The listing below must be repeated word for word, without its pictures.

***** Provided material *****

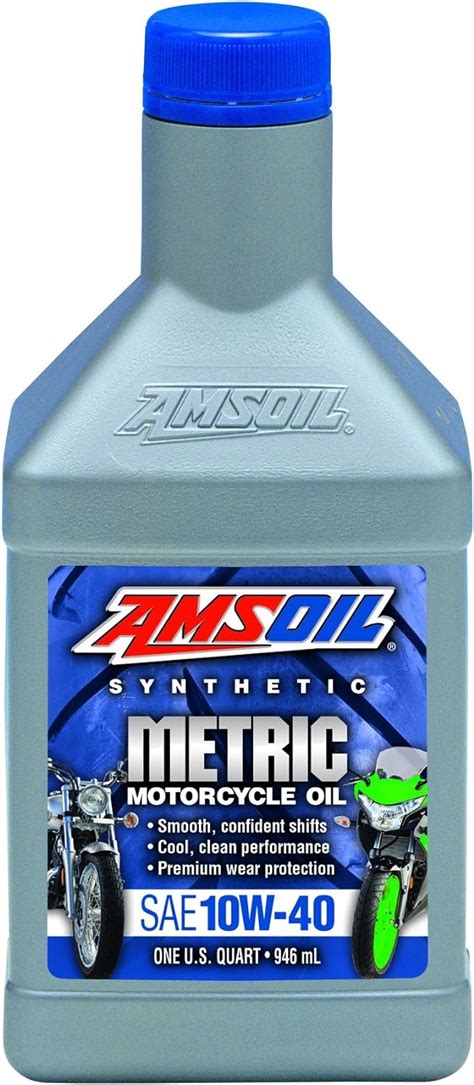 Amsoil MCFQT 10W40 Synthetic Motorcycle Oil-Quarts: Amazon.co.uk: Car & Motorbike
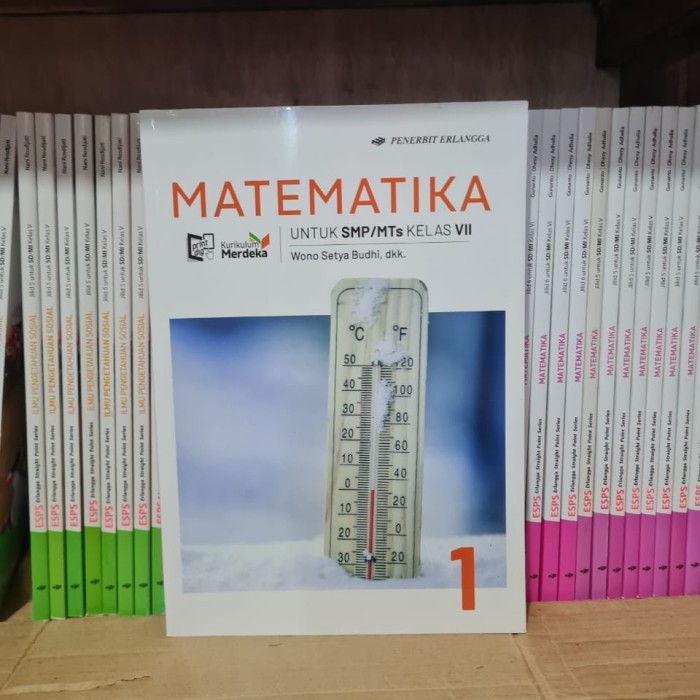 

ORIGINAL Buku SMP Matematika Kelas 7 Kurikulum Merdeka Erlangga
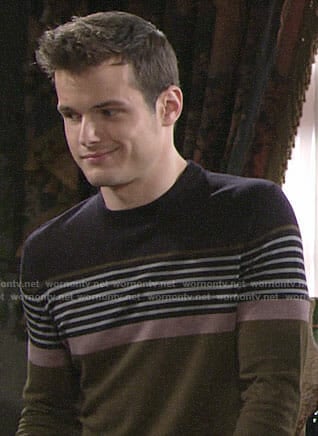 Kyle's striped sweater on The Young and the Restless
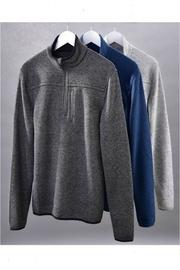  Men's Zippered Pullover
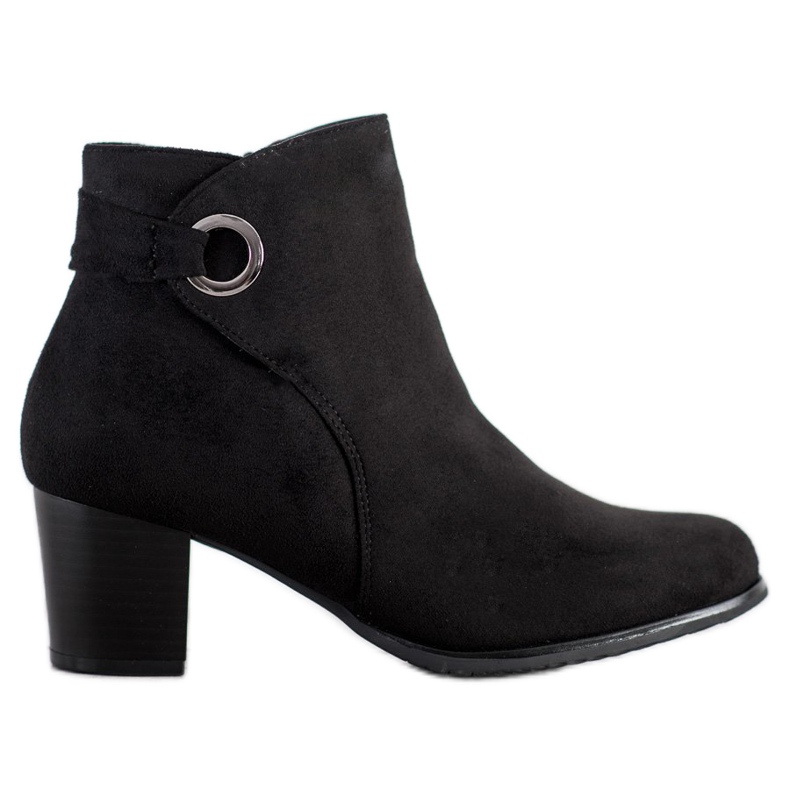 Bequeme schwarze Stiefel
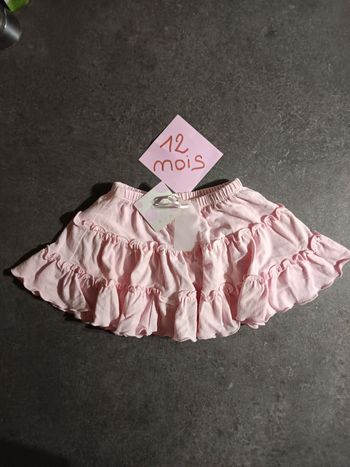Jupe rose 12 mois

*****

→ **Output below**
 Amsoil MCFQT 10W40 Synthetic Motorcycle Oil-Quarts: Amazon.co.uk: Car & Motorbike

ORIGINAL Buku SMP Matematika Kelas 7 Kurikulum Merdeka Erlangga
 Kyle's striped sweater on The Young and the Restless
  Men's Zippered Pullover
 Bequeme schwarze Stiefel
Jupe rose 12 mois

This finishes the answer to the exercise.